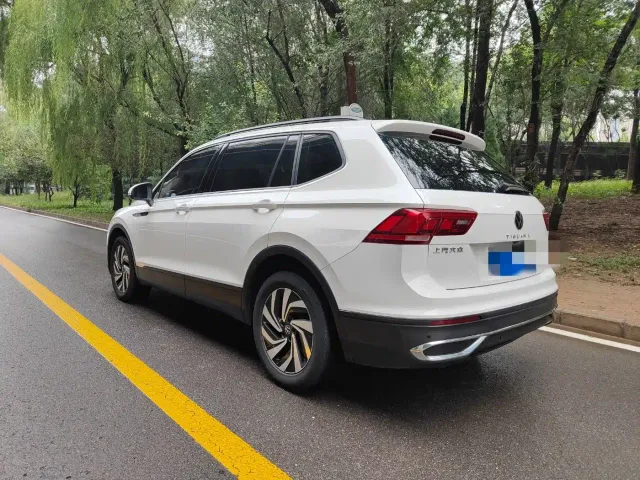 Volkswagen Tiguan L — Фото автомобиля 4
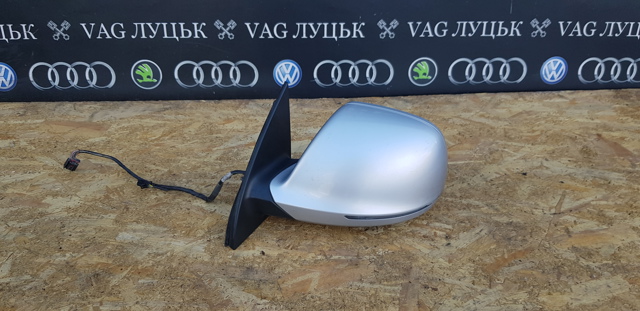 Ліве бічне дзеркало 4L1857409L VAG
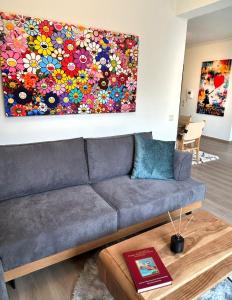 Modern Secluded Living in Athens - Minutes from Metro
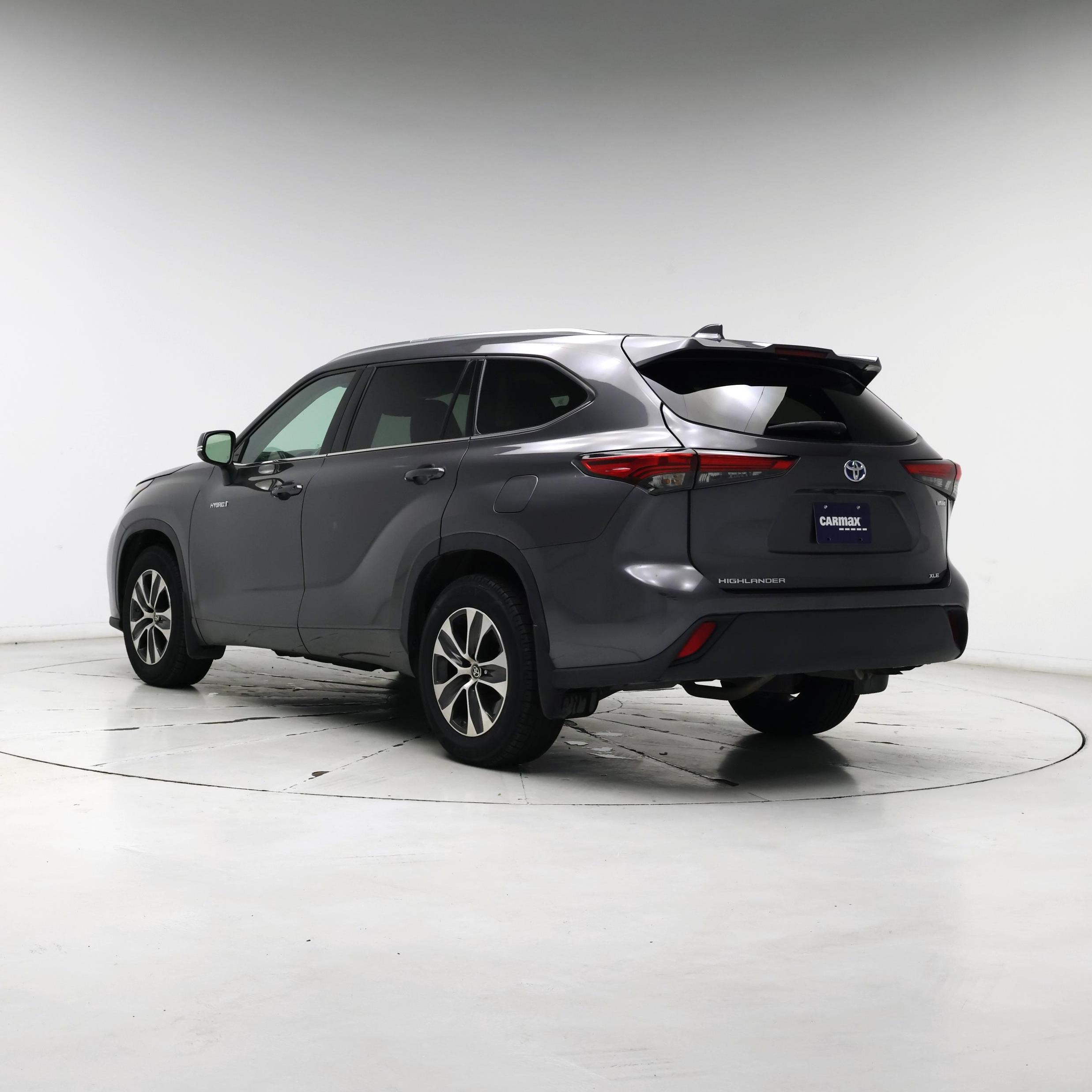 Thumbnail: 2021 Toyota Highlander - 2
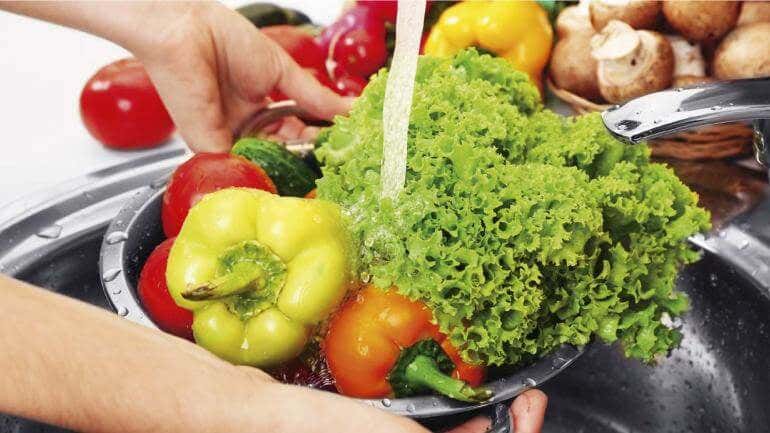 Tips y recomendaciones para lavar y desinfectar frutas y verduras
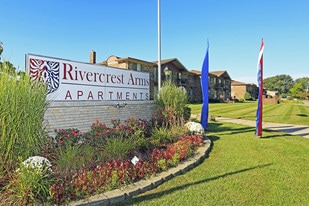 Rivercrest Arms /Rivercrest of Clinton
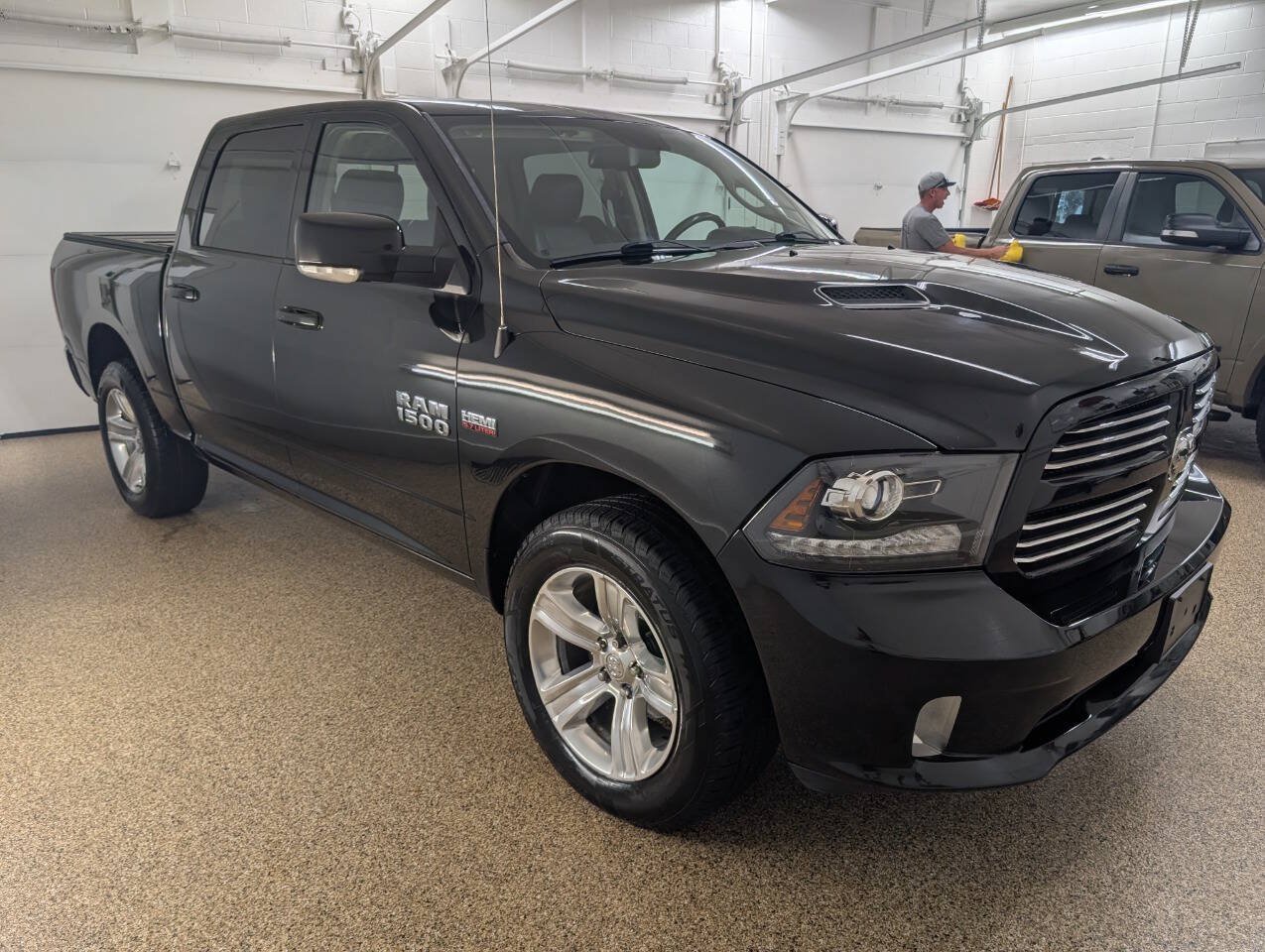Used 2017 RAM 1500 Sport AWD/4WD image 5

...

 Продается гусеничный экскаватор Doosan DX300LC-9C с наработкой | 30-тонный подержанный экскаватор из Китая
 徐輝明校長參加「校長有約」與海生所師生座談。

## What is needed
Above are some records; quote exactly and only the lines that begin at the line containing "Thumbnail: 2021 Toyota Highlander - 2" and stop after the line containing "Used 2017 RAM 1500 Sport AWD/4WD image 5", leaving out the pictures.

## Written answer
 Thumbnail: 2021 Toyota Highlander - 2
 Tips y recomendaciones para lavar y desinfectar frutas y verduras
 Rivercrest Arms /Rivercrest of Clinton
Used 2017 RAM 1500 Sport AWD/4WD image 5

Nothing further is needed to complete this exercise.